How can you know when you’re avoiding both of these extremes? The concept of They Say/I Say can help you refine as well as support a working thesis. “I Say” can count as an original claim and still be grounded in the sources “They Say.” For example:
- Combine research findings from multiple sources to make a larger summary argument. You might find that none of the sources you’re working with specifically claim that early 20th century British literature was preoccupied with changing gender roles but that, together, their findings all point to that broader conclusion.
- Combine research findings from multiple sources to make a claim about their implications. You might review papers that explore various factors shaping voting behavior to argue that a particular voting-reform proposal will likely have positive impacts.

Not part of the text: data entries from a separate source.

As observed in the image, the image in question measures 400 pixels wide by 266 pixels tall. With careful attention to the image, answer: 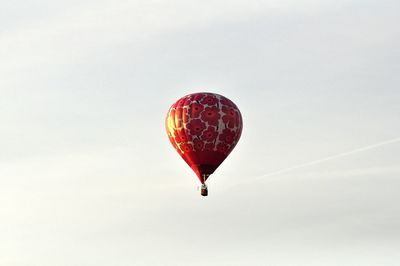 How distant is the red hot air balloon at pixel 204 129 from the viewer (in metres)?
169

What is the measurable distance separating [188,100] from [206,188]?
8.85 m

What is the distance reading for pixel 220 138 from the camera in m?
169

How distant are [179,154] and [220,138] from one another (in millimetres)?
4792

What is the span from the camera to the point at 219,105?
169250 mm

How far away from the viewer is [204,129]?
168625mm

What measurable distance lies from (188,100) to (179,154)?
5687 millimetres

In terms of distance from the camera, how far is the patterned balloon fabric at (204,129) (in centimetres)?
16862

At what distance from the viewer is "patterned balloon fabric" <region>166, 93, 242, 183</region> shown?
169 m

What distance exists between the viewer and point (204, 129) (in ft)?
553

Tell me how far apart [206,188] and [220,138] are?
512cm

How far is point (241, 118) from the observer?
17138cm

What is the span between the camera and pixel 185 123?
554ft

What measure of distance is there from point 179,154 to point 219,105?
656 cm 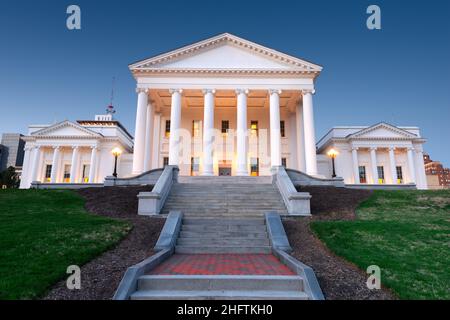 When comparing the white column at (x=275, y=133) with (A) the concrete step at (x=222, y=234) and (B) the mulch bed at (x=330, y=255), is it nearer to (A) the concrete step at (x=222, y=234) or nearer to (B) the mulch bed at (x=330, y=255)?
(B) the mulch bed at (x=330, y=255)

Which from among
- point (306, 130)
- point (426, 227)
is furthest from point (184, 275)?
point (306, 130)

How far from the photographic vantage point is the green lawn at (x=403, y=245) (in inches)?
231

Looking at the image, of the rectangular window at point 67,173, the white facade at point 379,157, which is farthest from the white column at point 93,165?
the white facade at point 379,157

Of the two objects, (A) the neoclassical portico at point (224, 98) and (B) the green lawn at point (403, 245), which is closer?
(B) the green lawn at point (403, 245)

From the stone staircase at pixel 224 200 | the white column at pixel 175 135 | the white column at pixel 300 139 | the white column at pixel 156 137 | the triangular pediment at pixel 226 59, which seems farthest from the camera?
the white column at pixel 156 137

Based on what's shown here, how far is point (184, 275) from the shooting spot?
20.0 feet

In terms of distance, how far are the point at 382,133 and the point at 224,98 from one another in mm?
24538

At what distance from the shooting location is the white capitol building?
94.7ft

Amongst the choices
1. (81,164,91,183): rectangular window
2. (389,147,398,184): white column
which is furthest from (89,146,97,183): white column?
(389,147,398,184): white column

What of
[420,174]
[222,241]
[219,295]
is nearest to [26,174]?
[222,241]

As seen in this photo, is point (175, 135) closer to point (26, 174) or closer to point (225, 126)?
point (225, 126)

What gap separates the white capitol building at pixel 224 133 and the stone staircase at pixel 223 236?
15910 mm

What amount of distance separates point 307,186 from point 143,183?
12.3 m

- Identify underlying areas of agreement. You may argue that the literature on cancer and the literature on violence both describe the unrecognized importance of prevention and early intervention in order to claim that insights about one set of problems may be useful for the other.
- Identify underlying areas of disagreement. You may find that the controversies surrounding educational reform—and its debates about accountability, curricula, school funding—ultimately stem from different assumptions about the role of schools in society.
- Identify unanswered questions. Perhaps you review studies of the genetic and behavioral contributors to diabetes in order to highlight unknown factors and argue for more in-depth research on the role of the environment.
These examples illustrate how original thinking in academic writing involves making connections with and between a strategically chosen set of sources.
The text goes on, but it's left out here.